(Task to carry out)
Take the line that contains "Портативний керамічний обігрівач" in the data below and each line after it, through the last, and repeat them unchanged.

(Extracted material)
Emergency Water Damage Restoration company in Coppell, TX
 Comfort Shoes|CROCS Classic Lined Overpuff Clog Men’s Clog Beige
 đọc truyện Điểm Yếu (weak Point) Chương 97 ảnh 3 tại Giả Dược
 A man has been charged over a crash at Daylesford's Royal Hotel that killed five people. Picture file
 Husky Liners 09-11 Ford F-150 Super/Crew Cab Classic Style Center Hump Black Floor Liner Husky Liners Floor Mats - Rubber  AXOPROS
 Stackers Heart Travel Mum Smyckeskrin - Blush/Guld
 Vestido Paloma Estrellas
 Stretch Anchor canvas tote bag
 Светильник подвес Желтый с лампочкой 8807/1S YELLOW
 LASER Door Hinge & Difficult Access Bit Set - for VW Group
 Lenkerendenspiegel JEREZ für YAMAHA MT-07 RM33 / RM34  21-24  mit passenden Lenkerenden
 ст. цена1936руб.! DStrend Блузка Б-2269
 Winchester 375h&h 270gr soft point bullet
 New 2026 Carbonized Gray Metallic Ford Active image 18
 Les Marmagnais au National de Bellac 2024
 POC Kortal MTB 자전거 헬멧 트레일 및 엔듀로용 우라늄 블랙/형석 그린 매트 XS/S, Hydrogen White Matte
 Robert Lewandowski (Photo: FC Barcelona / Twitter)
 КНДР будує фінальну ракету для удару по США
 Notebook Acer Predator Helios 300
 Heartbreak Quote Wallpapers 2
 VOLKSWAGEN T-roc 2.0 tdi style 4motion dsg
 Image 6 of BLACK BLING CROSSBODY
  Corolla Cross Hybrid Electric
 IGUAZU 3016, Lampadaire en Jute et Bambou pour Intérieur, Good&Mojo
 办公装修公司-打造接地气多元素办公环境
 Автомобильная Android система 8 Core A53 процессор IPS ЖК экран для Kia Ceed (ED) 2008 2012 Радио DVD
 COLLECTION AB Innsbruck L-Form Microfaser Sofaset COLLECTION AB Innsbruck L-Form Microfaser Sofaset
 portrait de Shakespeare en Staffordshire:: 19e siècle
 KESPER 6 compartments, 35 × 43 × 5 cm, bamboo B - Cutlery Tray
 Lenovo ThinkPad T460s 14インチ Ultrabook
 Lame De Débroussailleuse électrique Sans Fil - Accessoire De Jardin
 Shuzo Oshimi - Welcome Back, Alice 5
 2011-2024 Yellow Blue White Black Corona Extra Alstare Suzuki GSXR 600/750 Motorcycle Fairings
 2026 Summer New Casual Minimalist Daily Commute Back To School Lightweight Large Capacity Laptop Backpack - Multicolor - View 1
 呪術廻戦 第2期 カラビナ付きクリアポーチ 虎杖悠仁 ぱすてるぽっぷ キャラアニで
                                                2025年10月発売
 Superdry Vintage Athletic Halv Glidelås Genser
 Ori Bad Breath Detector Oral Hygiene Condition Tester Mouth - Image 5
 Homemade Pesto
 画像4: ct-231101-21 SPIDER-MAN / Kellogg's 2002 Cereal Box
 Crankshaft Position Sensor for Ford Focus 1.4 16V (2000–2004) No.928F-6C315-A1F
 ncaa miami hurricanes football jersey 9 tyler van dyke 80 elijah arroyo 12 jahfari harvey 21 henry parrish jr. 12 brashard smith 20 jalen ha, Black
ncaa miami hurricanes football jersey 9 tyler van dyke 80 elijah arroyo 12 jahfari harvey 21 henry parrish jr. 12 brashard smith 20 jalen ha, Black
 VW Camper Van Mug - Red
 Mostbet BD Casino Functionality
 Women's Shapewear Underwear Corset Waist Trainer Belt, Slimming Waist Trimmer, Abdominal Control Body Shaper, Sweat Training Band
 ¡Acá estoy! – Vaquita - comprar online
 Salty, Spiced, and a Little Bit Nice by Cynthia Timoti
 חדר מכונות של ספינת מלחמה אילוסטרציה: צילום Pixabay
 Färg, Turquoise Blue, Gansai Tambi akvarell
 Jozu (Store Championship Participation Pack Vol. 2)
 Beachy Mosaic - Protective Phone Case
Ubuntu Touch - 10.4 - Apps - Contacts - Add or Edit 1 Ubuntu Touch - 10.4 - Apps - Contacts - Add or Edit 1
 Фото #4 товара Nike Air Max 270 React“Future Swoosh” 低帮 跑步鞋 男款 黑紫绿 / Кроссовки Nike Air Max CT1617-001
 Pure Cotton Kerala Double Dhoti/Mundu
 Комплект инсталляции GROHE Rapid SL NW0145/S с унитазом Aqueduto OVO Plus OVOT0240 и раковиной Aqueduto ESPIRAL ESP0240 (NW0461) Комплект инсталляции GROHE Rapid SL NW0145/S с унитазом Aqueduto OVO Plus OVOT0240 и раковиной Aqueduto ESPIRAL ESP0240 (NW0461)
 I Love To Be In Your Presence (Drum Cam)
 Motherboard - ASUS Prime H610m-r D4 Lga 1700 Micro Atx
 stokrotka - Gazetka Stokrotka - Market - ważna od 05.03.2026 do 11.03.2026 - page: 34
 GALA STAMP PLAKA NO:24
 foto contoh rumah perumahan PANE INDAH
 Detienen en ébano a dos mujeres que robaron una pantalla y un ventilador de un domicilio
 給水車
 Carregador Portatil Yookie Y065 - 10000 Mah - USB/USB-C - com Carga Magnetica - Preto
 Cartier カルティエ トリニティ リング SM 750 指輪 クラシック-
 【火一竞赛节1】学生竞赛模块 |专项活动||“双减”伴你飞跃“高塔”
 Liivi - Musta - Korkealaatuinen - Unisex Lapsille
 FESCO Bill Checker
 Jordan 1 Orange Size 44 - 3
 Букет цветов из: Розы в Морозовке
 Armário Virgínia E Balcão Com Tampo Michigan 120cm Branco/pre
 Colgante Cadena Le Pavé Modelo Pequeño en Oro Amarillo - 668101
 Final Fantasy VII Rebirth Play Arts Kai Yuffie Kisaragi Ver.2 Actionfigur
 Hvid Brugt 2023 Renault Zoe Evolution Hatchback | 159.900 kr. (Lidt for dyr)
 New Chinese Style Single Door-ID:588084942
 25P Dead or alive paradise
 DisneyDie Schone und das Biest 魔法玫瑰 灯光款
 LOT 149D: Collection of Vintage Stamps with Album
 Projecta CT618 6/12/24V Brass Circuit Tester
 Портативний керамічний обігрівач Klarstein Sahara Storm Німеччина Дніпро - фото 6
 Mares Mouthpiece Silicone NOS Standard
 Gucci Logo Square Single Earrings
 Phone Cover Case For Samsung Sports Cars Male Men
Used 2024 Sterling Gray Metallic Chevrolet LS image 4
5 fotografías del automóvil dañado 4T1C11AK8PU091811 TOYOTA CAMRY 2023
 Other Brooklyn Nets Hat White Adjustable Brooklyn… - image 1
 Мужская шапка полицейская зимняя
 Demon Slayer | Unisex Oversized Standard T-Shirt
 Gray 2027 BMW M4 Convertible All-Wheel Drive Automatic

(Answer to the problem)
 Портативний керамічний обігрівач Klarstein Sahara Storm Німеччина Дніпро - фото 6
 Mares Mouthpiece Silicone NOS Standard
 Gucci Logo Square Single Earrings
 Phone Cover Case For Samsung Sports Cars Male Men
Used 2024 Sterling Gray Metallic Chevrolet LS image 4
5 fotografías del automóvil dañado 4T1C11AK8PU091811 TOYOTA CAMRY 2023
 Other Brooklyn Nets Hat White Adjustable Brooklyn… - image 1
 Мужская шапка полицейская зимняя
 Demon Slayer | Unisex Oversized Standard T-Shirt
 Gray 2027 BMW M4 Convertible All-Wheel Drive Automatic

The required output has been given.